Volume 635: debated on Tuesday 23 January 2018

3. What steps he is taking to ensure that legal aid is available to people who are entitled to that aid. (903485)

The provision of legal aid to support the most vulnerable is an important part of our justice system. We spend £1.6 billion a year on legal aid, which is more than a fifth of the Ministry of Justice’s budget. In terms of accessing legal aid, there is an online tool at gov.uk to help people to check their entitlement to it.

I welcome that answer, but people in my constituency in west Cornwall find it hard to access the legal aid that they are entitled to. In fact, there is only one office there that holds a legal aid contract, and it deals only with family law. Will the Department assess how the changes in legal aid funding have affected rural people, and consider measures to address the shortage?

Maintaining access to justice is extremely important, which is why the Legal Aid Agency regularly reviews the capacity of the legal aid market to cope with demand and takes action when regional shortfalls develop. Those in need of urgent advice in Cornwall and elsewhere can always use the civil legal aid specialist telephone service. In autumn 2017, the Legal Aid Agency began national tendering for new civil contracts to start in autumn 2018.
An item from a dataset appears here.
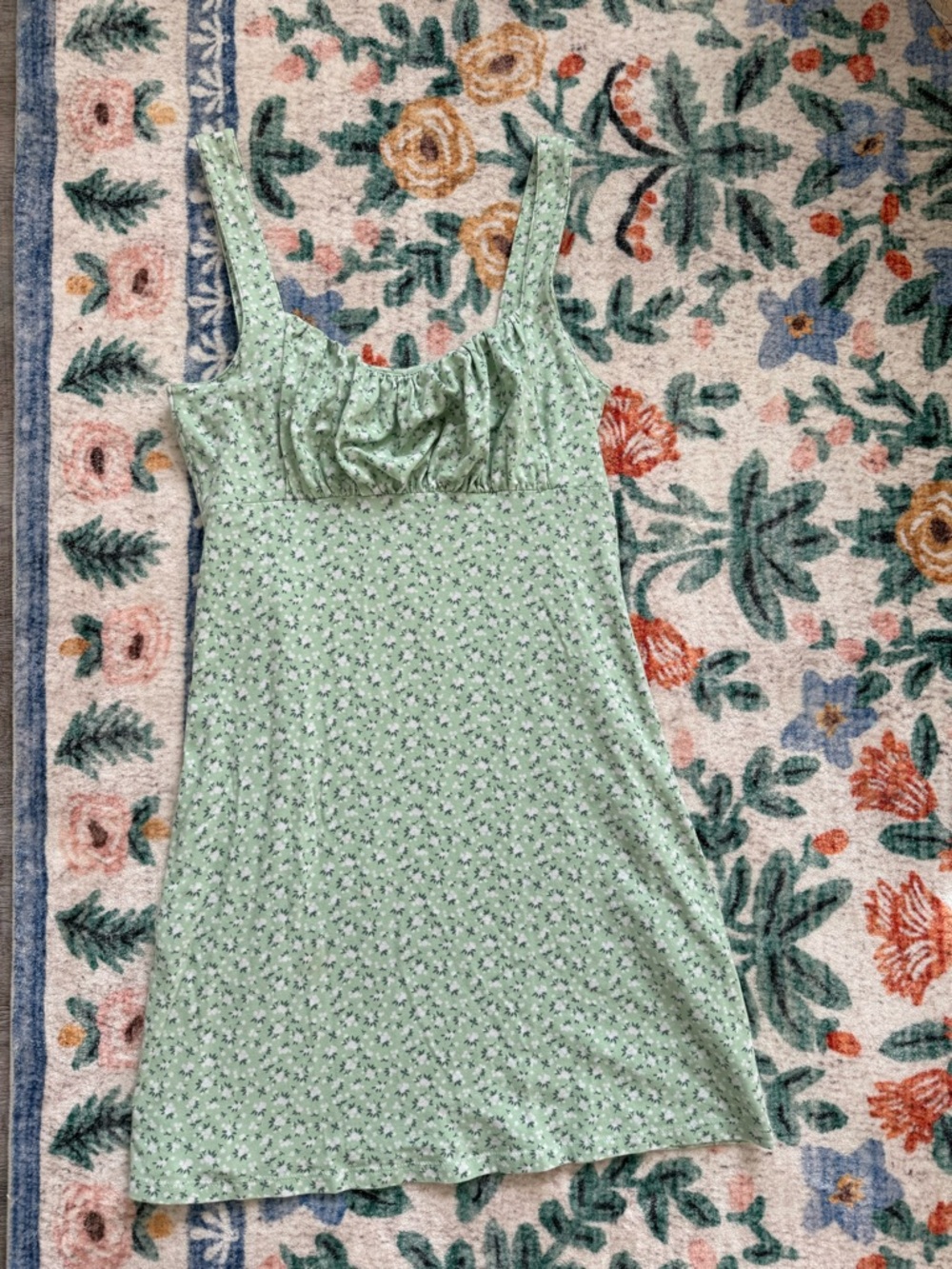 Hollister Green Floral Babydoll Dress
I have received hundreds of emails from people in my constituency who face eviction, live in overcrowded conditions or rent properties that are in dire need of repair. Does the Minister agree that early legal advice in housing matters needs to be restored urgently, and that it is unacceptable that large parts of the country have no housing legal aid providers at all?
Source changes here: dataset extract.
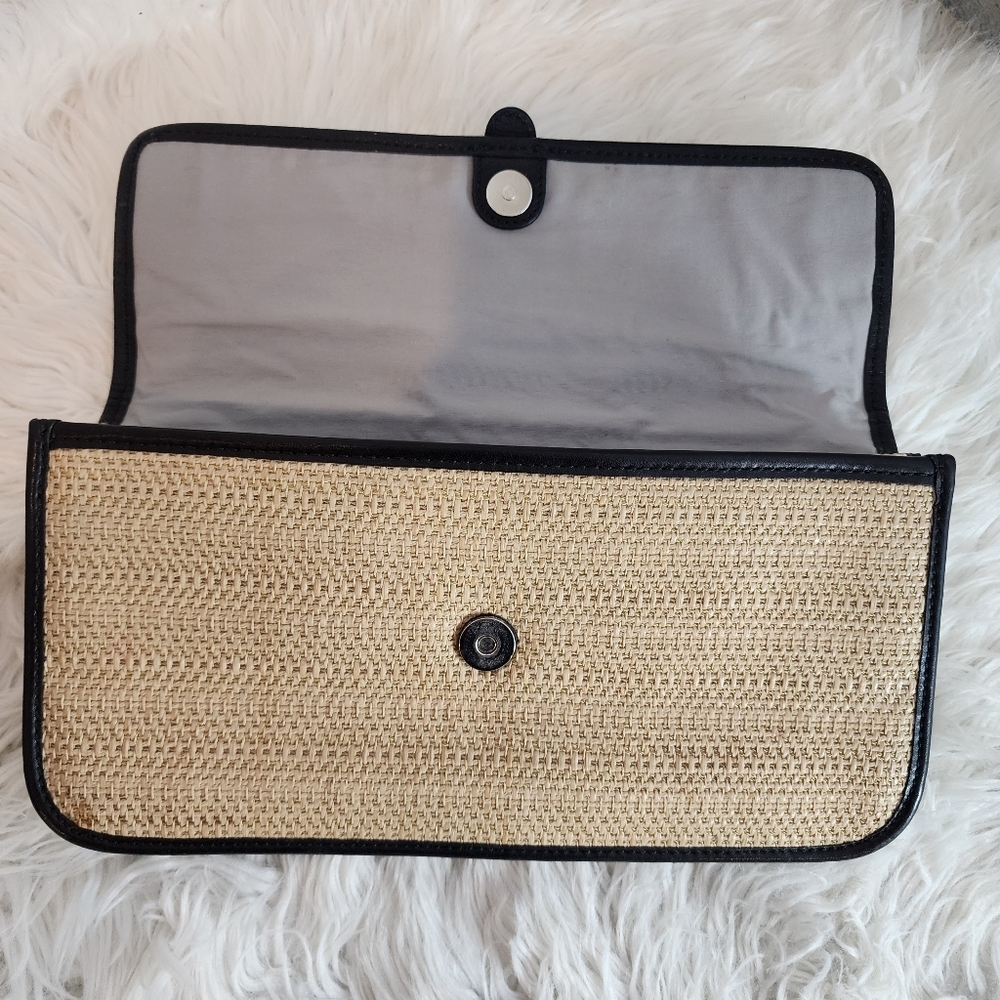 Cole Haan Bedford Izzie Clutch Natyre Woven Straw Like New - Picture 7 of 16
As the hon. Lady will know, the previous Lord Chancellor committed to a review of legal aid later this year, and I also commit to reviewing the situation later this year. Legal aid for housing is always available and can be accessed through the telephone gateway.
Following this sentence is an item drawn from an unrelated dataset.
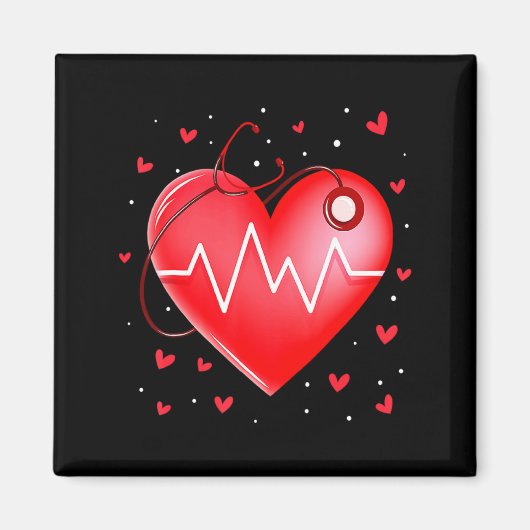 Nurse Valentines Day Heart Stethoscope 2  Magneet (Voorkant)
Judicial review is a key tool for ordinary people to challenge unjust and unlawful decisions by the state and other public bodies. Deep cuts to legal aid have undermined that ability, so will the Minister commit to reviewing legal aid funding for judicial review in the Government’s forthcoming legal aid review?

As I have already mentioned, a legal aid review is taking place later this year. As a matter of principle, legal aid is available for judicial review in certain circumstances when certain conditions are met.